Brief descriptive captions
● ● ● ● ●

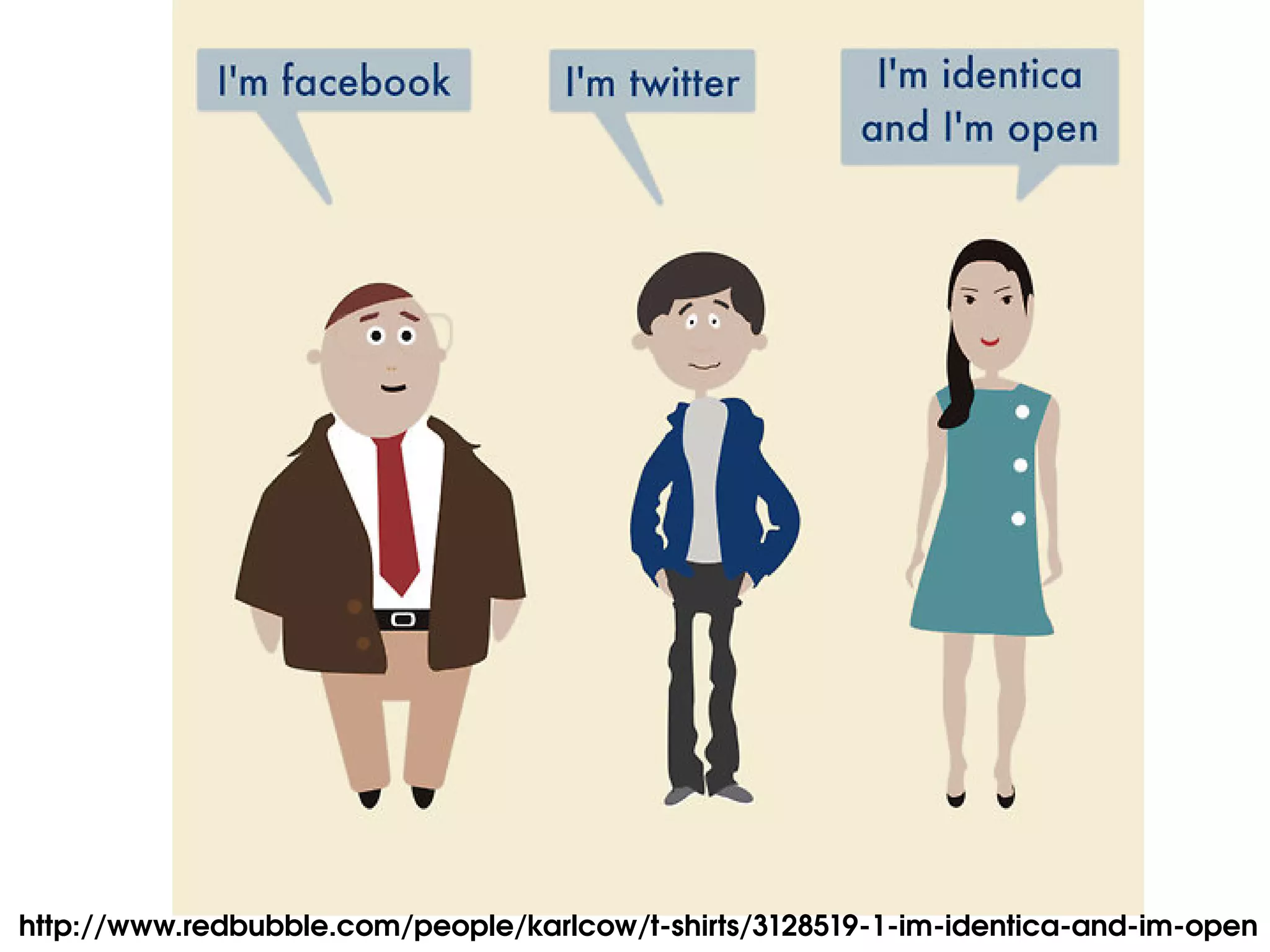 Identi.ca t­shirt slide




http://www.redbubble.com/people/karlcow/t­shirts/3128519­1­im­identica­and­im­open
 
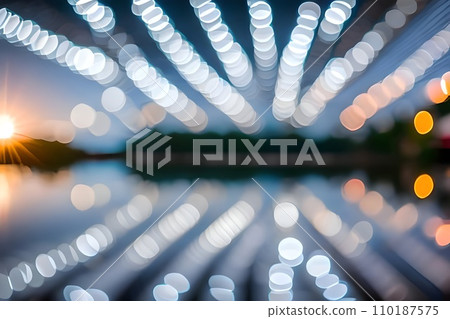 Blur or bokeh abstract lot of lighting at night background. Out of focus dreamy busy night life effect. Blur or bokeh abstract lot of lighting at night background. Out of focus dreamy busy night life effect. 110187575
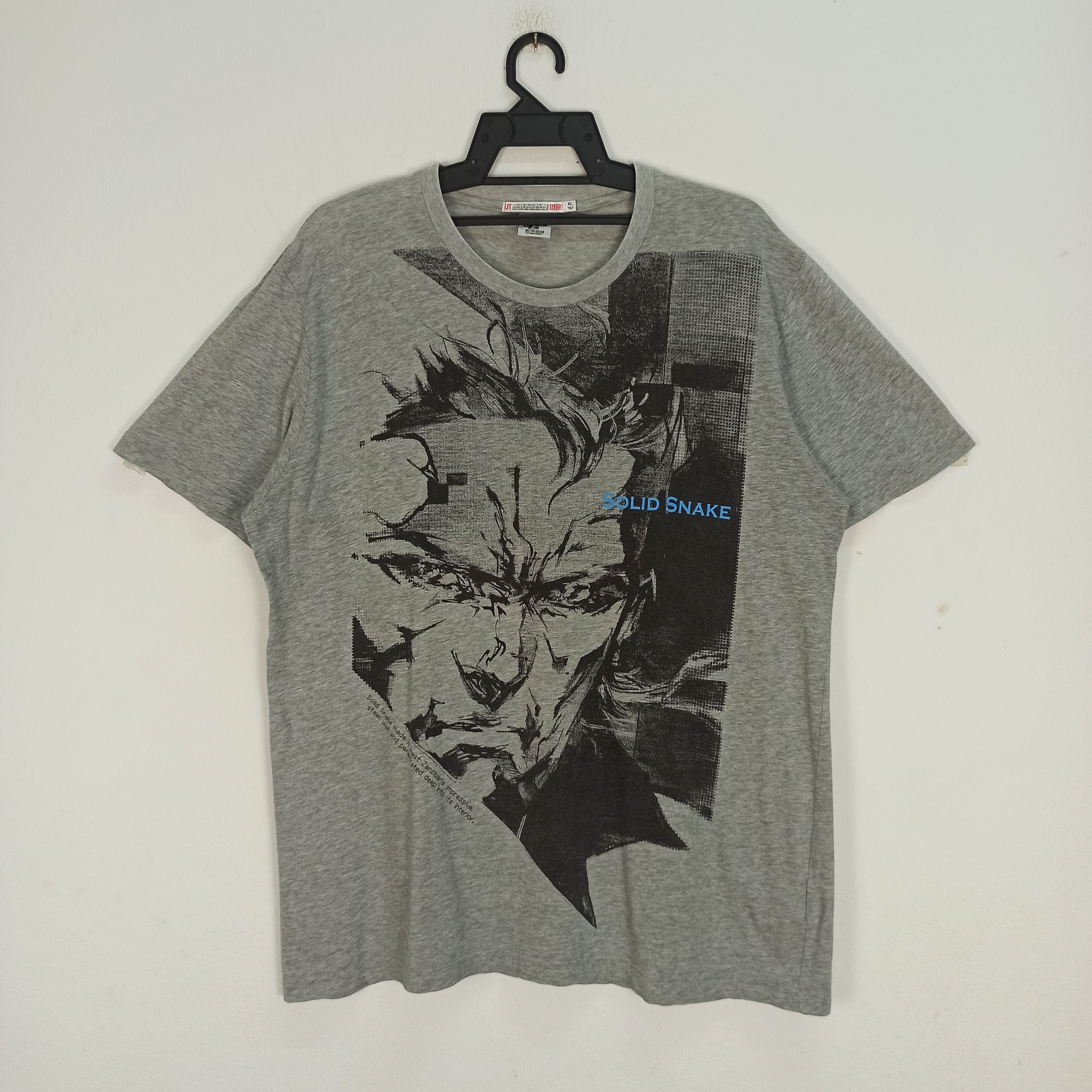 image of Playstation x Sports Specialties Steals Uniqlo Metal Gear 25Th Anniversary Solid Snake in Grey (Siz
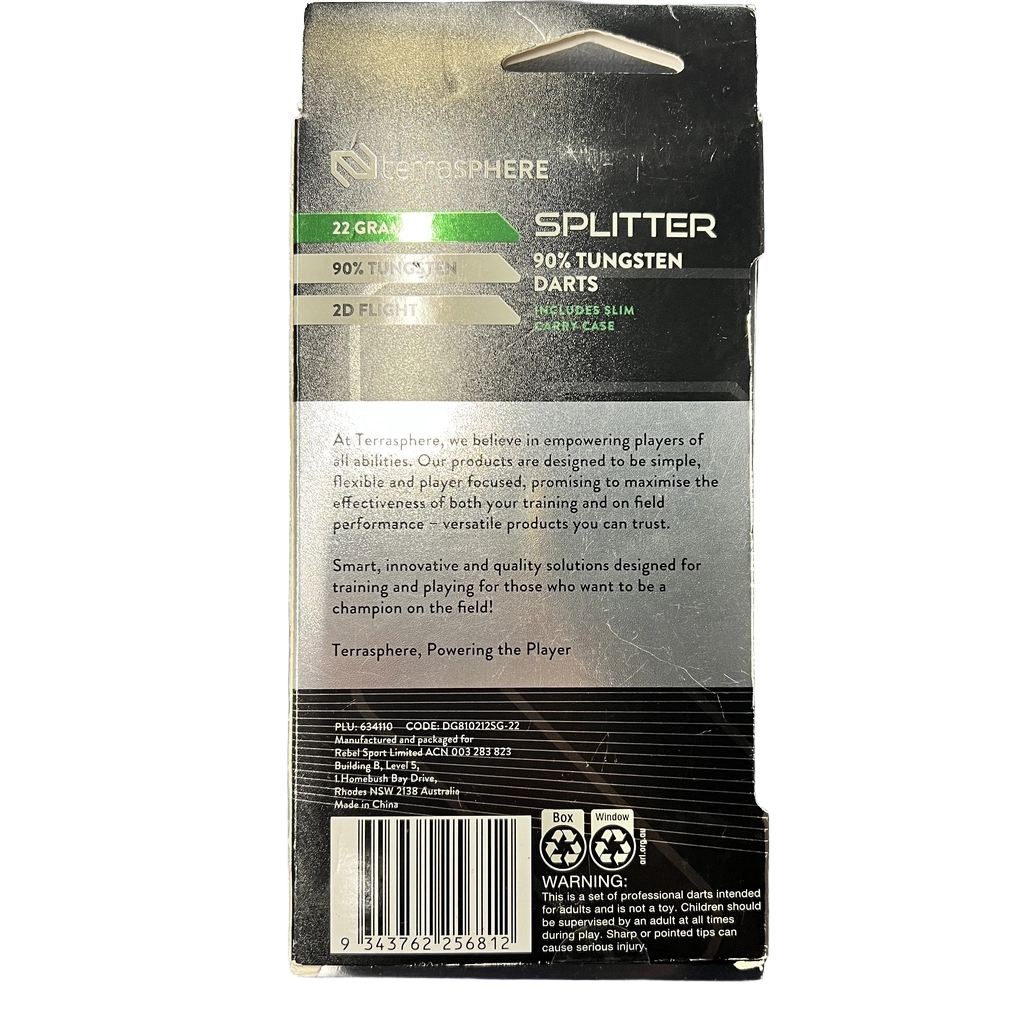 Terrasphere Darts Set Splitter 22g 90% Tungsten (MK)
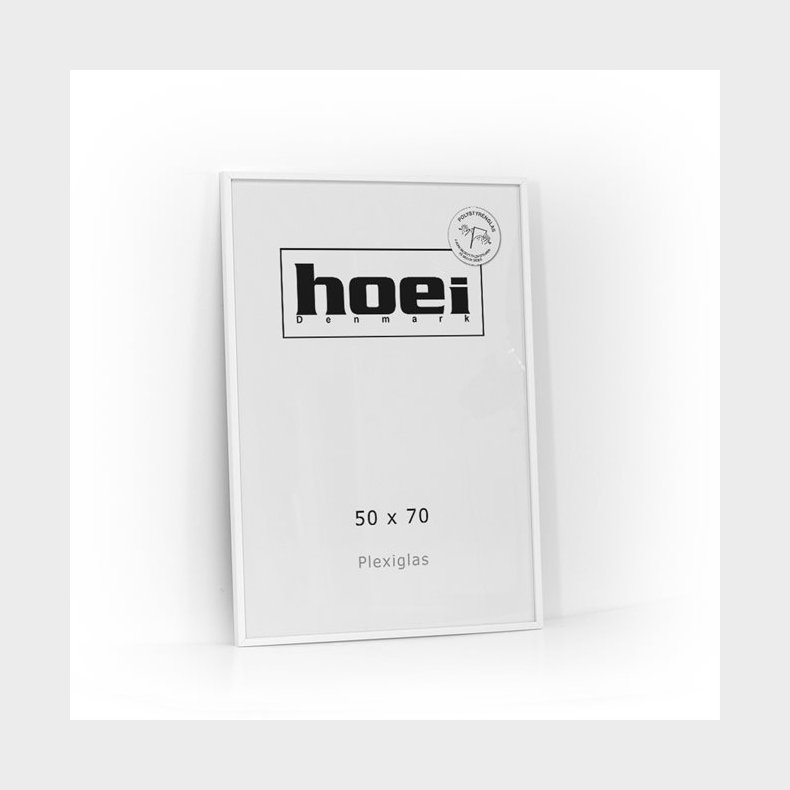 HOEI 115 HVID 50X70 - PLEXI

● ● ● ● ●

All of the records above are to be written out exactly, minus their images.

#### PROBLEM SOLUTION
 Identi.ca t­shirt slide




http://www.redbubble.com/people/karlcow/t­shirts/3128519­1­im­identica­and­im­open
 
 Blur or bokeh abstract lot of lighting at night background. Out of focus dreamy busy night life effect. Blur or bokeh abstract lot of lighting at night background. Out of focus dreamy busy night life effect. 110187575
 image of Playstation x Sports Specialties Steals Uniqlo Metal Gear 25Th Anniversary Solid Snake in Grey (Siz
 Terrasphere Darts Set Splitter 22g 90% Tungsten (MK)
 HOEI 115 HVID 50X70 - PLEXI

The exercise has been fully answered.